35. I will award damages for breach of contract in the sum of K18, 439,164.41.


INTEREST


36. The plaintiff seeks interest pursuant to the Judicial Proceedings (Interest on Debts and Damages) Act Chapter No. 52 (old Act). I note that the old Act has been repealed by Judicial Proceedings (Interest on Debts and Damages) Act 2015 (new Act). The new Act came into existence on 28 May 2015.


37. No submissions were made by the parties to address interest in detail and in regard to its application, whether it be under the old Act or the new Act.


38. The question I now have is this. Is the plaintiff entitled to interest? The obvious answer to that, in my view, is this, “yes, the plaintiff is indeed entitled to an award of interest.” I say ‘yes’ because interest is sought in the statement of claim. The second question I have is this. Despite that, should the plaintiff be denied interest because it is seeking interest under the old Act which has since been repealed? The answer to that, in my view, is, “no, the plaintiff should not be denied interest for that reason.” Again, and in my view, the bottom line is that the plaintiff has pleaded interest as a relief which is consequential to the main relief. See case: NCDC v. Robert Dademo (2013) SC1260. The plaintiff is entitled to interest because I have ruled in its favour in regard to one of the main relief, namely, damages for breach of contract. The correct citation to seek interest is under the new Act and not under the old Act as the plaintiff has erroneously cited. There is a further reason to the second question, which is this. Section 2 of the new Act states, and I quote in part, This Act applies to all Court Orders made against the State on or after 1 January 2014. My final decision on interest, as it will be made after 1 January 2014, is subject to the new Act. And it is settled that the new Act sets a fixed interest rate on all awards or judgments that are made against the State, which is 2% per annum. The said rate is inscribed under sections 4(2) and 6(2) of the new Act. See cases: Yondu Coffee Producers Ltd v. Fred Punangi (supra), Alphonse Willie v. Simon Kaupa (2016) N6553, Thomas Aiwara v. Cocoa Board of PNG (2017) N6788 and Francis Pinje v. Jeffery Kera (2018) N7557.


39. I will therefore assess interest on pre-judgment and post judgment damages.
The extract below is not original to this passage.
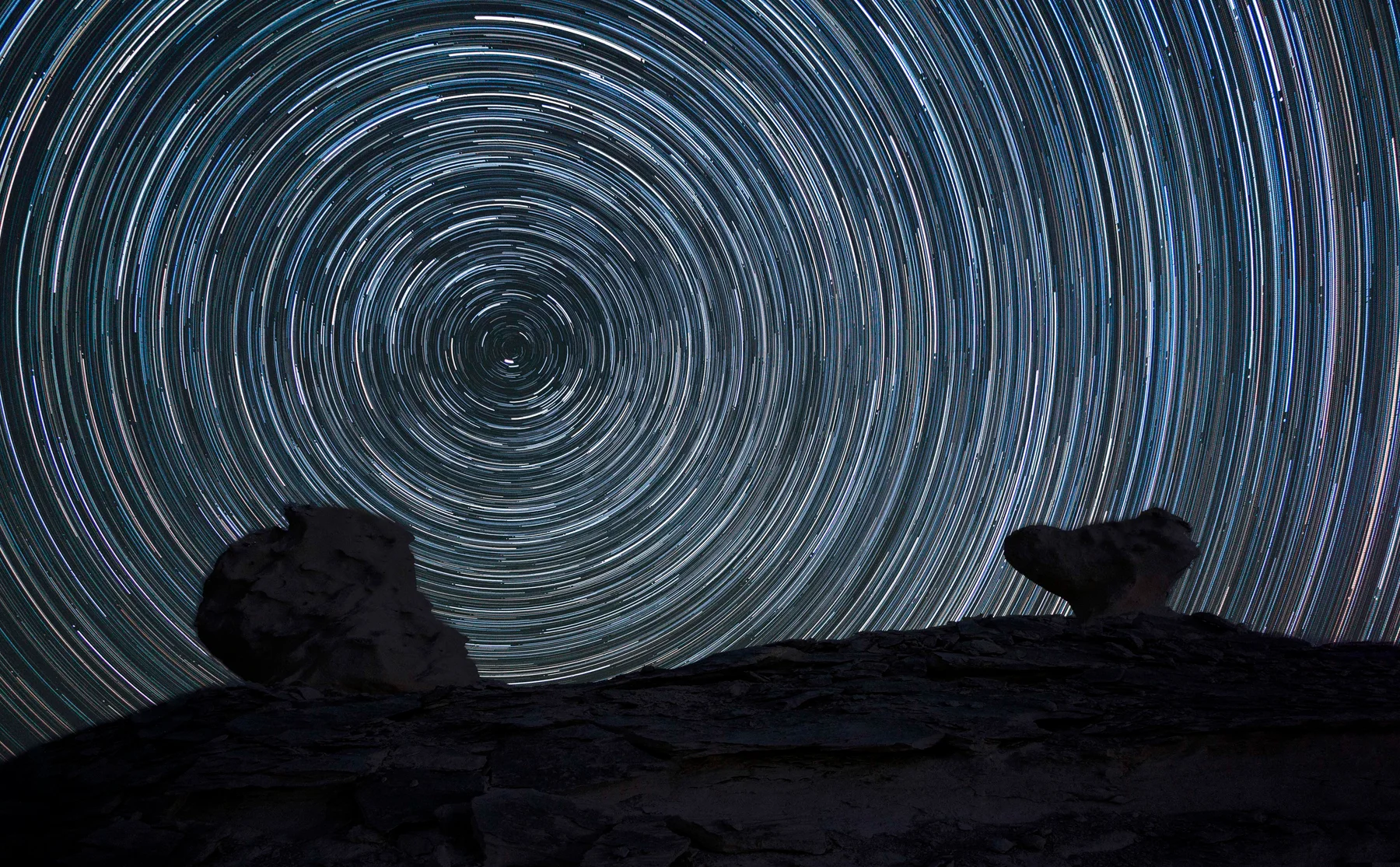 A long-exposure photograph: concentric arcs of starlight share one centre above two dark rock formations.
40. In regard to pre-judgment interest, it shall be calculated pursuant to section 4(1) of the new Act, that is, from the date the cause of action arose to the date of decision. In this case, the cause of action arose from the date when the Circular Instruction was issued, which was on 11 October 2018. This judgment is delivered on 28 April 2020. When I compute the duration, it will give a total of 565 days. The damages awarded is K18, 439,164.41. Two (2) percent of K18, 439,164.41 is equals to K368, 783.29, that is, interest per annum. To get the accrued interest per date, I divide K368, 783.29 by 365 days (the number of days in a year), which equals to an accrued interest rate of K1, 010.37 per day. To get the pre-judgment accrued interest rate, I multiply K1, 010.37 by 565 days, which equals to K570, 859.05. The plaintiff shall be entitled to an accrued pre-judgment interest sum of K570, 859.05.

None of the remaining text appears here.